La seconda: non ho mai nutrito particolare simpatia per i militari di carriera, e non per fatti personali, quanto perché prodotto – i militari di carriera – di una formazione estremamente rigida, a mio avviso schematica seppure coerente con i compiti che ai militari si assegnano e comunque tale da rendere difficile ogni colloquio che in qualche modo implichi una conclusione anche in parte diversa da quella sulla quale il militare poggia il suo pensiero. Non a caso qualcuno ha affermato con serietà estrema che “un militare pensa con la testa del suo superiore”, che è condizione essenziale perché le operazioni siano condotte come previsto.

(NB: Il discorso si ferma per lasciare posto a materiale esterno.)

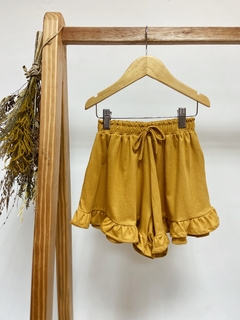 Pronta Entrega - Shorts babado liso basics mostarda na internet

La terza: sono assolutamente convinto che chiunque neghi alla democrazia la possibilità e il diritto di ricorrere alla imposizione legittima quando necessario e opportuno rechi un danno fondamentale alla democrazia stessa, privandola di una possibilità di perseguire gli obbiettivi che le sono propri. E, soprattutto, avalli l’idea che il concetto di libertà coincida in fondo con quello di anarchia.
La quarta: non conosco il Generale Gallitelli, penultimo (credo) Generale Comandante dell’Arma e dunque certamente degno della carica, culturalmente e moralmente.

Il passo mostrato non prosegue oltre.